▶ [What the task requires] Nothing but the line holding "Open in modal" and the lines after it, through the end of the records, should be set down, each exactly as it is.

[Records contained in a dataset]

---

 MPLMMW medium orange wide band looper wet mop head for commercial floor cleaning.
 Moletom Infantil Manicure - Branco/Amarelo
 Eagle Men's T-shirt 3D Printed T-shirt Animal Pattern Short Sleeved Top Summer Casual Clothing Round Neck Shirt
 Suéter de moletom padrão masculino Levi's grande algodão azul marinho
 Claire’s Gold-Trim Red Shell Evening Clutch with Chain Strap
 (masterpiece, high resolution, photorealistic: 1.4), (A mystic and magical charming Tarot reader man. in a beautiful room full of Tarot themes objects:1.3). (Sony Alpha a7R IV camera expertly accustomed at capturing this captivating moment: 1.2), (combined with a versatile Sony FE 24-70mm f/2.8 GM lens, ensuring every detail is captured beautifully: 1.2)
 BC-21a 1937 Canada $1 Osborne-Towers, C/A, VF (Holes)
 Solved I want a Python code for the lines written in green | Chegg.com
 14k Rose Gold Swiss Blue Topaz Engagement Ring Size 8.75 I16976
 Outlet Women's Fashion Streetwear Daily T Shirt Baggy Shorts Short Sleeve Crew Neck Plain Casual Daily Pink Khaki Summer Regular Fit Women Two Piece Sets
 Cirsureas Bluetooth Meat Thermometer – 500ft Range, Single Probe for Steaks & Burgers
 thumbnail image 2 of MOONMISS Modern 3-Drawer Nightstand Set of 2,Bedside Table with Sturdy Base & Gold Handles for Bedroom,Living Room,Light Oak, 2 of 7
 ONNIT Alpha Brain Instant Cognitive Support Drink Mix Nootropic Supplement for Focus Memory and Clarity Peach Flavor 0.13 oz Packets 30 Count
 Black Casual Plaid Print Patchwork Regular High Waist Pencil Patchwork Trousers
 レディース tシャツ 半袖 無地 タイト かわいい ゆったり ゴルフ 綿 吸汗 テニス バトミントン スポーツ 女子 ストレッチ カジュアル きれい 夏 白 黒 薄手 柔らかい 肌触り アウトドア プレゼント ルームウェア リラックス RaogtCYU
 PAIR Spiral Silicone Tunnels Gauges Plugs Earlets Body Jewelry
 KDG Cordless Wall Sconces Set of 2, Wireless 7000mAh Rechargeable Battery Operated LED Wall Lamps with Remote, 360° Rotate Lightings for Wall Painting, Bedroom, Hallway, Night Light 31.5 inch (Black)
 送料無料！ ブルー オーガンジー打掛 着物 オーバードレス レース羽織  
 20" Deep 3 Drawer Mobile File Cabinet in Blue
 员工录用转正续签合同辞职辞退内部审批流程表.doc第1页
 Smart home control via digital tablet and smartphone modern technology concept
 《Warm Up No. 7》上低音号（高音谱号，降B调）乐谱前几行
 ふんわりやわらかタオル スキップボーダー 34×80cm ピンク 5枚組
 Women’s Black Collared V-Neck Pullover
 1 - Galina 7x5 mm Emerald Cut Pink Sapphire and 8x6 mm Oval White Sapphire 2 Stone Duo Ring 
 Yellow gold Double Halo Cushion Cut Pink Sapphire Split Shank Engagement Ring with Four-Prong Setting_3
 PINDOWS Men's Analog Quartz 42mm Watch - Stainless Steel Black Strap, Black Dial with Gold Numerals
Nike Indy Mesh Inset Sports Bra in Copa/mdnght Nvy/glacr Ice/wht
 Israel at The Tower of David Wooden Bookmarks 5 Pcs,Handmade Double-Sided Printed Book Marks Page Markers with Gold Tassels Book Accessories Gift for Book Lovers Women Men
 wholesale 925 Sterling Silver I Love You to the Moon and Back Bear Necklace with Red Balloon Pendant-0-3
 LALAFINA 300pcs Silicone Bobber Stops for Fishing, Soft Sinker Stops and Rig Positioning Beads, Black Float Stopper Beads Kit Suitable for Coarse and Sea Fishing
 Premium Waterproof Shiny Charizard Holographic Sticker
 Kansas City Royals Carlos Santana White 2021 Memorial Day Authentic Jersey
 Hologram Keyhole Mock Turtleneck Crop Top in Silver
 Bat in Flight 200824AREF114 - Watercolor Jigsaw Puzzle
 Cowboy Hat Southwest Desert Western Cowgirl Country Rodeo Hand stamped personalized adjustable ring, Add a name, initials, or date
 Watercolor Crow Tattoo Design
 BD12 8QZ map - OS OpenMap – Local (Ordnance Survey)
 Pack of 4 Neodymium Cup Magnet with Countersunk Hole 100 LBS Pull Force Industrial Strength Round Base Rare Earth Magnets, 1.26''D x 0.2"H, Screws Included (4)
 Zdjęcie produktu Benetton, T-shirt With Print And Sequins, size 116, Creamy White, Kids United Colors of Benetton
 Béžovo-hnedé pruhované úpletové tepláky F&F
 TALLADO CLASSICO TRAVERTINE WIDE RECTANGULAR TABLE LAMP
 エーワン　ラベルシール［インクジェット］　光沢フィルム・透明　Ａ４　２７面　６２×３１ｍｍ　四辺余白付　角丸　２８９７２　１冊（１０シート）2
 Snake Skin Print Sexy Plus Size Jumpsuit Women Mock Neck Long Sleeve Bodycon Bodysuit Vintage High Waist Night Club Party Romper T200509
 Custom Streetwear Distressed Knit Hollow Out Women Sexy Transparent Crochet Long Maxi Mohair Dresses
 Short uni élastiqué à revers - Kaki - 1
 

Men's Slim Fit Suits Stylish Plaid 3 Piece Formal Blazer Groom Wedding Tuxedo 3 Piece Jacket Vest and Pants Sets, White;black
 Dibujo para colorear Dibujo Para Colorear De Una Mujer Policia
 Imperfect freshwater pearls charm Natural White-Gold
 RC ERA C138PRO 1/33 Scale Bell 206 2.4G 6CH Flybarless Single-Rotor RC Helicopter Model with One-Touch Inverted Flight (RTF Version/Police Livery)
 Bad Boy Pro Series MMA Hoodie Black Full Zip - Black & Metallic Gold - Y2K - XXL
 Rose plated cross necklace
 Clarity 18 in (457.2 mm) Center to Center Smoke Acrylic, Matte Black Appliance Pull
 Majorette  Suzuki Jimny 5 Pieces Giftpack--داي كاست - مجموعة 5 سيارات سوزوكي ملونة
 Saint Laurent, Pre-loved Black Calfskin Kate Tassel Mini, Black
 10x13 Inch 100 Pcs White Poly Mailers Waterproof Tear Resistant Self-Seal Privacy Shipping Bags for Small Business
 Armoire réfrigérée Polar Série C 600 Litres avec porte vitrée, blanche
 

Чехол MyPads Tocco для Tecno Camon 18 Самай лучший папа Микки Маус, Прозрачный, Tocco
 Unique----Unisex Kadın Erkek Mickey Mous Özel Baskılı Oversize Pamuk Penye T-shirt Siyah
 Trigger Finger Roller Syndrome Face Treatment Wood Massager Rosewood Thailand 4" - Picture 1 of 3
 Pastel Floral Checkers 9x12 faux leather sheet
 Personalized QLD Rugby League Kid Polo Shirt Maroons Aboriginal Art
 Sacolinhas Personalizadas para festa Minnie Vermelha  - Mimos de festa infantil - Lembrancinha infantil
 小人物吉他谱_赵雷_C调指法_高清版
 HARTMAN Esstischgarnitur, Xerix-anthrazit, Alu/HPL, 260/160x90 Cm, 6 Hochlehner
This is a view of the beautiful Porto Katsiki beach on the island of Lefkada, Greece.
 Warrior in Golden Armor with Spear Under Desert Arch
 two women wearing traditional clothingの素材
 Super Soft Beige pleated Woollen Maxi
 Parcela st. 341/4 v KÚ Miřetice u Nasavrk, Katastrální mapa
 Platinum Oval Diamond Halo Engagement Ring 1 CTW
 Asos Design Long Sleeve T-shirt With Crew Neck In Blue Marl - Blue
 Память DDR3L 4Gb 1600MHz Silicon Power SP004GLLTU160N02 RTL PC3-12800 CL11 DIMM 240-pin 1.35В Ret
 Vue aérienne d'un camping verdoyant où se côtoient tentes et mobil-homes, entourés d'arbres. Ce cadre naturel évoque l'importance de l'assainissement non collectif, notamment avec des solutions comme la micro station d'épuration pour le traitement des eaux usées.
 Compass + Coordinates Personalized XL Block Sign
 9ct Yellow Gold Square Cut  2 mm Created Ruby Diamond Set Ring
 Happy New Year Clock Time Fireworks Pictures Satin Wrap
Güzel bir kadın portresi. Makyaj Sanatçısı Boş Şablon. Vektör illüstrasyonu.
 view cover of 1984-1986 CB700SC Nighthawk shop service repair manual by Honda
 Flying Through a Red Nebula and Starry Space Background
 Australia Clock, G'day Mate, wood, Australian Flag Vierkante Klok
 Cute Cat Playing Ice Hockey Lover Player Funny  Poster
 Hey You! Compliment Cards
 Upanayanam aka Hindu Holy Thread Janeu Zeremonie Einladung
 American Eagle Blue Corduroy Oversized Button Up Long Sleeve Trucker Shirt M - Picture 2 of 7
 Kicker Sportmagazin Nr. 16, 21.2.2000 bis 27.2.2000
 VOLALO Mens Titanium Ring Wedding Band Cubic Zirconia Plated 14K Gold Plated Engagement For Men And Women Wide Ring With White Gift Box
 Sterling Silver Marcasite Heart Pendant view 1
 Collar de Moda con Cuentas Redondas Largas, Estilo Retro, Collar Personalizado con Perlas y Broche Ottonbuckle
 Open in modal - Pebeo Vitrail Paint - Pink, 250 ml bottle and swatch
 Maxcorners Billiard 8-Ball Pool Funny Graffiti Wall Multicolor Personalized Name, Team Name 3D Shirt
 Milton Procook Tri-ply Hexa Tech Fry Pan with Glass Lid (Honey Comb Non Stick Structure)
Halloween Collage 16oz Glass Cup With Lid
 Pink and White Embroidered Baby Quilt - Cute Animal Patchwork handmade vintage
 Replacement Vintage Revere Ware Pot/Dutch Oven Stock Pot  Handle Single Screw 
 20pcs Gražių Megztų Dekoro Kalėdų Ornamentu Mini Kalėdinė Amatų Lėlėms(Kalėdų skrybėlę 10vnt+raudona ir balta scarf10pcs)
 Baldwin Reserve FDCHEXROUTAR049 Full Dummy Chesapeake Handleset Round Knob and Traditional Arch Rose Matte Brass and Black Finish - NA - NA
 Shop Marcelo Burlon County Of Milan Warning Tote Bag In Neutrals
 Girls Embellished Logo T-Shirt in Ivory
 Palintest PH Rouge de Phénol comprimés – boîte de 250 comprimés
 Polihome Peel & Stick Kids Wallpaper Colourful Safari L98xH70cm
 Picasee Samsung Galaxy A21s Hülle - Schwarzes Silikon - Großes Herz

---

▶ [Answer]
 Open in modal - Pebeo Vitrail Paint - Pink, 250 ml bottle and swatch
 Maxcorners Billiard 8-Ball Pool Funny Graffiti Wall Multicolor Personalized Name, Team Name 3D Shirt
 Milton Procook Tri-ply Hexa Tech Fry Pan with Glass Lid (Honey Comb Non Stick Structure)
Halloween Collage 16oz Glass Cup With Lid
 Pink and White Embroidered Baby Quilt - Cute Animal Patchwork handmade vintage
 Replacement Vintage Revere Ware Pot/Dutch Oven Stock Pot  Handle Single Screw 
 20pcs Gražių Megztų Dekoro Kalėdų Ornamentu Mini Kalėdinė Amatų Lėlėms(Kalėdų skrybėlę 10vnt+raudona ir balta scarf10pcs)
 Baldwin Reserve FDCHEXROUTAR049 Full Dummy Chesapeake Handleset Round Knob and Traditional Arch Rose Matte Brass and Black Finish - NA - NA
 Shop Marcelo Burlon County Of Milan Warning Tote Bag In Neutrals
 Girls Embellished Logo T-Shirt in Ivory
 Palintest PH Rouge de Phénol comprimés – boîte de 250 comprimés
 Polihome Peel & Stick Kids Wallpaper Colourful Safari L98xH70cm
 Picasee Samsung Galaxy A21s Hülle - Schwarzes Silikon - Großes Herz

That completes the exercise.